There is a group of women who believe in prayer. This local group meets on Saturdays at 7:00 am. The group began in March 1998 and I am one of the members.
During the group’s first four years, it met at one of the local counseling centers. The group has met s at a member’s house, or at an identified location, and there are ten to twelve members. The group is diverse with its group composition cutting across racial, denominational, and age lines. The group is open to other women.
The members gather for prayer and have included the study of the bible and other books. Some books that the group members have read and discussed are What Happens When Women Pray written by Evelyn Christensen, Esther written by Charles Swindoll, Battlefield of the Mind and Managing Emotions written by Joyce Meyers, and The Prayer of Jabez by David Wilkinson and Rick Warren’s The Purpose-Driven Life after five members participated in a local 40 Days of Purpose campaign.
Annually, the group celebrates birthdays with cards no gifts, and shares in at least one or two social outings.
Following in the footsteps of great-grandmothers, grandmothers, and mothers who gathered in small groups for quilting bees or to pick and preserve the bounty from gardens, the members believe that women need membership in at least one small group.
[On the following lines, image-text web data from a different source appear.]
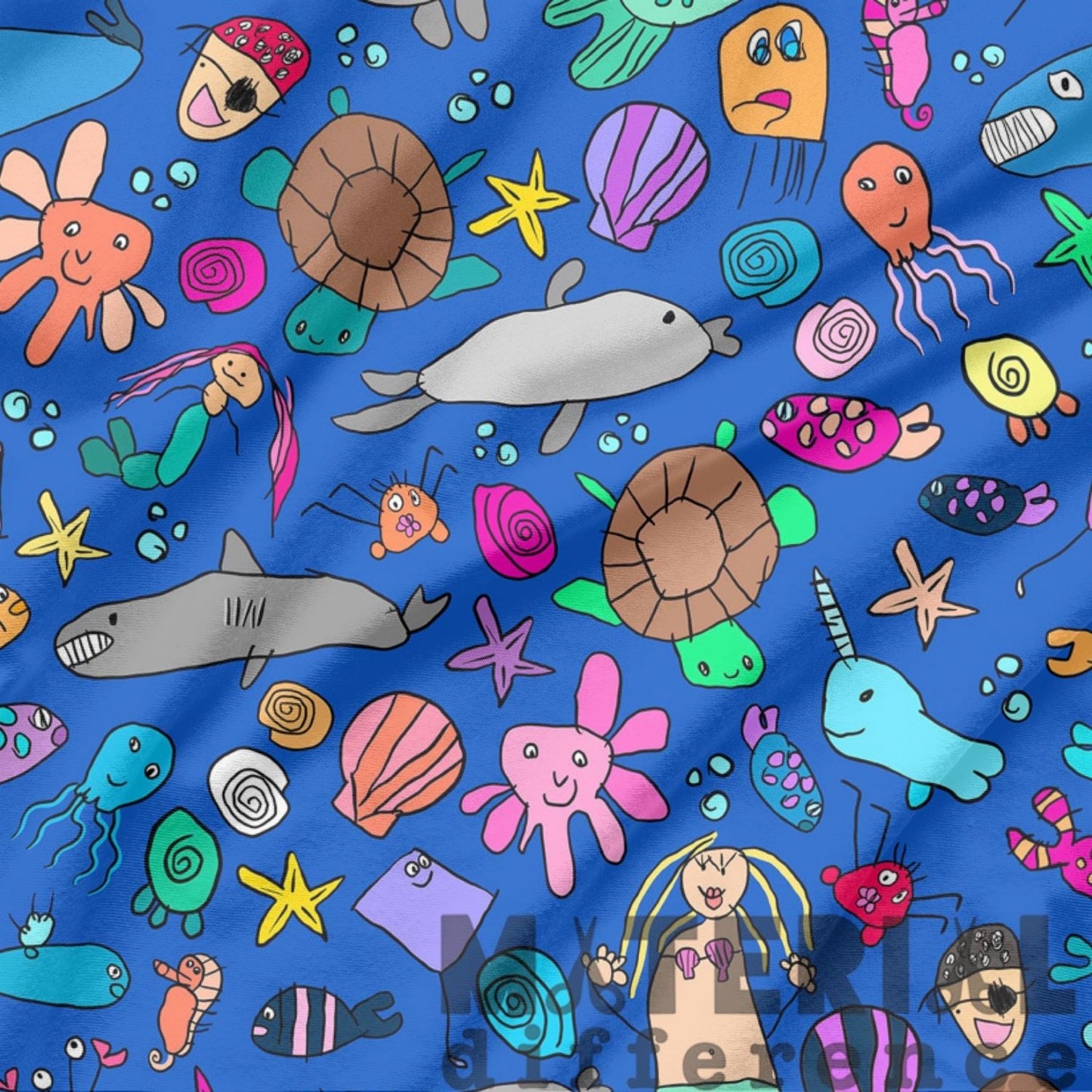 A close-up of a blue fabric with a colorful cartoon sea-creature print, including turtles, fish, starfish, jellyfish, and mermaids.
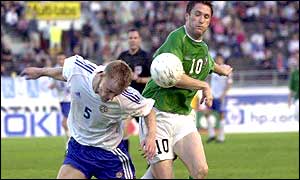 Goalscorer Robbie Keane forces his way past Hannu Tihinen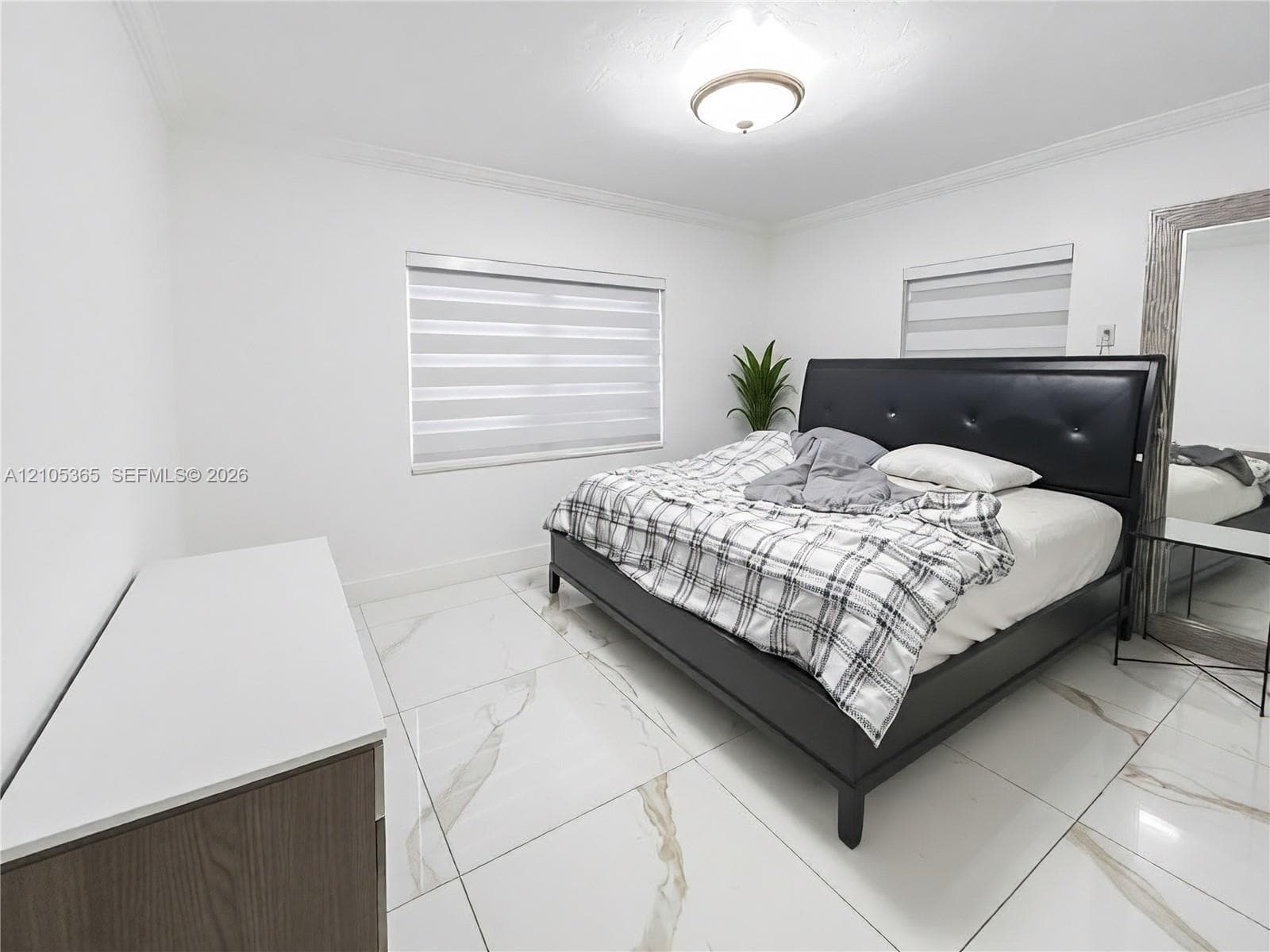 Spacious room featuring white tile flooring, crown molding, and two windows with blinds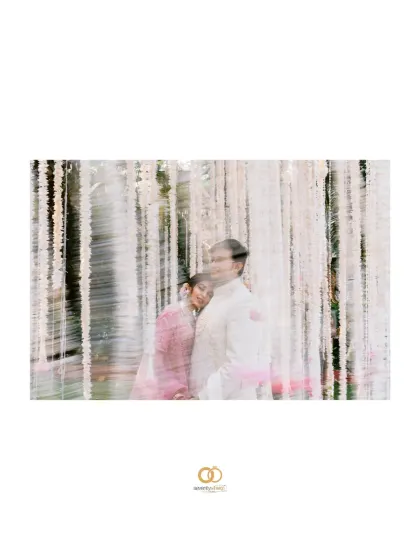 An artistic double exposure, blending the couple's portrait with the delicate floral decor, creating a dreamy, ethereal image.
God designed women to be relational, nurturers, and live-givers. Women need to participate in a small group whereby they can share the joys and pains of life, be connected, and be authentic. Many of the local prayer group members have reported that the prayer and sisterhood have been a bridge over troubled waters. Each has seen God answer many prayers and each attest to the strengthening of her faith and walk with Jesus Christ. Many of the women have shared their personal journeys with coping with anxiety, depression, abuse, loss and death, incarceration of loved ones, and other phase of life issues.
The prayer group members highly encourage other women and men to consider forming prayer groups or other special interest groups. The group members offer the following tips:
Tips on Starting A Prayer Group
Pray and ask God to lead you.
Have one identified meeting place.
Keep it simple and don’t get caught up in performance –based activities/agendas.
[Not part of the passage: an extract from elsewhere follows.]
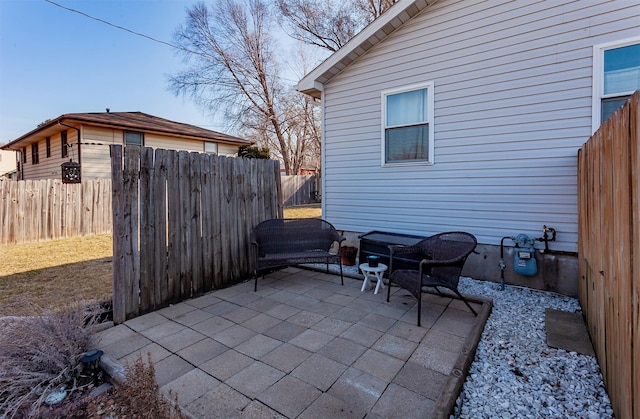 view of patio featuring a fenced backyard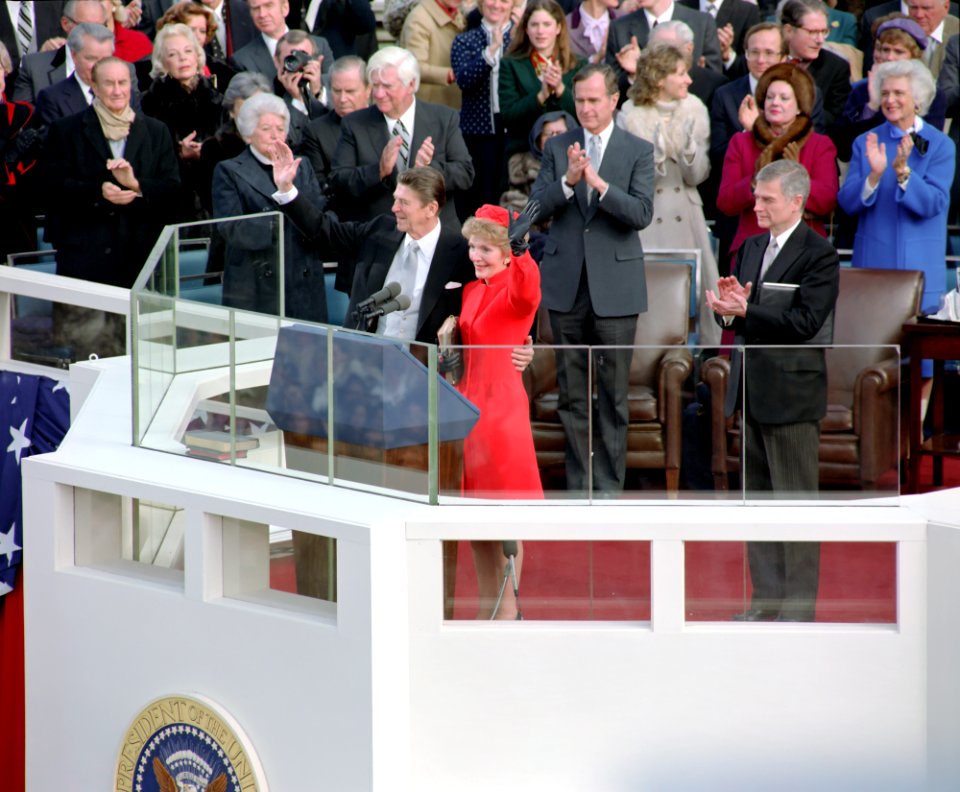 President Ronald Reagan and Nancy Reagan waving after swearing in ceremony at west front of United States Capitol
Be informal. Come as you are. No competition or comparison needed.
Use books to encourage your learning and discussion.
Keep a balance of humor, laughter, and seriousness.
Help a sister/brother out in times of crisis.
Be for real- keep all facades and masks out of the group.
Honor and respect another person’s personal sharing.
Group members have found it helpful to not meet during holiday weekends.
As a Christian counselor, I spend time talking with clients discussing how they are meeting their emotional, spiritual, and physical needs. We also look at their social support networks. It is not unusual to learn that many people have lost interest, do not have the energy, and do not maintain connections with people. They find themselves being isolated from others. As a client progresses in the counseling process, he or she may be ready to making contact with others and we will discuss the availability of support groups and other small group experiences.
Clients have shared that they feel less depressed and anxious because of having someone to reach out to. Some people believe that a small group where one can be authentic actually helps to reduce the stress of day-to-day living. Many people agree that small group membership is important, especially if it is a resource where one can relax and feel accepted and valued for who she is.